- _YOUR ASSIGNMENT_
Your answer must be an exact copy of the data below.

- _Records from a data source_
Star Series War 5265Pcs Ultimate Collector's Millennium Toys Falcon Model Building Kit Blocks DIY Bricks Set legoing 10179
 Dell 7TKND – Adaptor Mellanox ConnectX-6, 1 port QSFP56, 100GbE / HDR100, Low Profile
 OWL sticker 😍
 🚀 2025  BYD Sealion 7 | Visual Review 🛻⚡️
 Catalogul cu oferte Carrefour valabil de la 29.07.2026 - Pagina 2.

- _RESPONSE TO THIS EXERCISE_
Star Series War 5265Pcs Ultimate Collector's Millennium Toys Falcon Model Building Kit Blocks DIY Bricks Set legoing 10179
 Dell 7TKND – Adaptor Mellanox ConnectX-6, 1 port QSFP56, 100GbE / HDR100, Low Profile
 OWL sticker 😍
 🚀 2025  BYD Sealion 7 | Visual Review 🛻⚡️
 Catalogul cu oferte Carrefour valabil de la 29.07.2026 - Pagina 2.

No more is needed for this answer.